The 2012 will appointed the deceased’s son from his first marriage and his grandson as executors, and left most of the estate to them.
After the deceased died, his second wife (the appellant) argued that the 2012 hadn’t been validly executed. The deceased’s son from his first marriage and his grandson (the respondents) issued proceedings seeking proof in solemn form. The trial judge decided that neither wills were valid. In relation to the 2012 will, the judge found the respondents to be unreliable witnesses, and as such any presumption of due execution that might otherwise have arisen was displaced. Regarding the 1998 will, the judge noted that the appellant had produced neither the original will nor statements from the original witnesses as to the circumstances in which it had been executed. She considered that merely filling in the names of the witnesses in capital letters did not satisfy the requirement for the will to be 'signed'.
The appellant applied to obtain belated evidence from the attesting witnesses, but this was refused.
The judge concluded that the 1998 will had not been properly attested, and as such the will was invalid and the deceased was to be treated as having died intestate.
On appeal, the court looked at the attestation requirements under s 9 of the Wills Act 1837. The original version required witnesses to 'attest and subscribe' the will in the presence of the testator. It did not use the verb 'sign' except in relation to the testator’s signature. When s 9 was substituted by the Administration of Justice Act 1982, the word 'subscribe' was replaced with 'sign'. This had not been intended as a change of substance, but merely an adoption of a more modern term. The requirement to 'sign' the will did not mean that a 'signature' was required in the sense of an identifiable and unique personal mark. It is sufficient for witnesses to merely write their name with the intention that the act of writing it should operate as an attestation.

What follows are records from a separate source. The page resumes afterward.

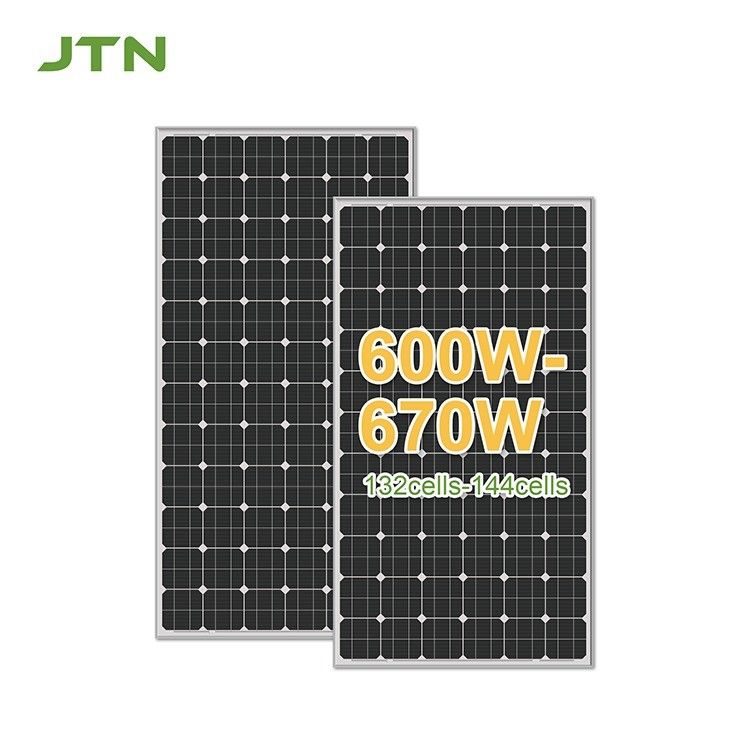 N Typ 700W Panel słoneczny półcięty Mono Moduł słoneczny dla domu ODM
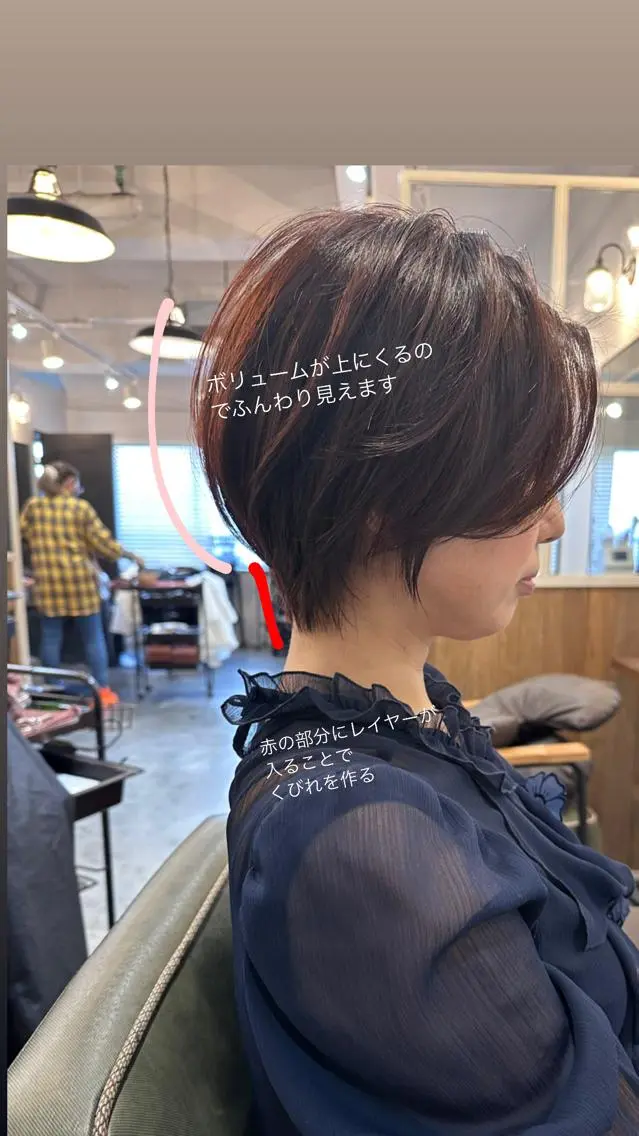 ショート 菅谷 昌央のヘアスタイル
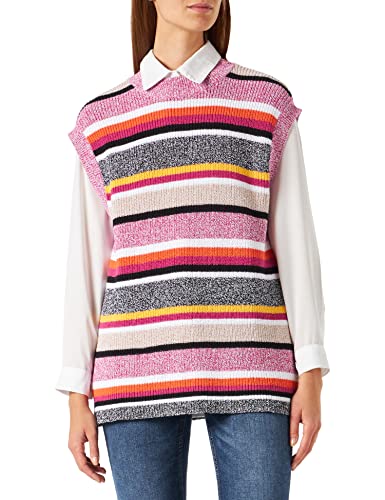 United Colors of Benetton Kamizelka damska, Wielokolorowa 901, M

Had the first instance judge been wrong to reject the 1998 will? The Court of Appeal held that she had been. The judge was wrong to refuse the application to adduce new evidence from the attesting witnesses. On its face, the will was validly executed, and having heard evidence from one of the attesting witnesses, the Court of Appeal found no reason to depart from this.
There is strong public interest in valid testamentary dispositions being upheld. In hindsight, evidence should have been obtained from the attesting witnesses as soon as possible in this case (as in any case). However, it is important that the overriding objective prevails and the court is prepared to do all in its power to ensure that such matters are resolved justly. This includes permitting (or even insisting on) evidence from witnesses.
This case should also serve as a reminder to solicitors to be particularly vigilant in circumstances where they leave it to their client to execute a will themselves to ensure that the requirements of the Wills Act 1837 have been properly met. In the case of Humblestone v Martin Tolhurst Partnership (a firm)
 EWHC 151 (Ch) the court ruled that a solicitor owed a duty both to the testator and his beneficiaries to check that a will had been properly executed when it was returned to them for safekeeping. Failure to fulfil this duty could leave the solicitor in question open to a claim of professional negligence.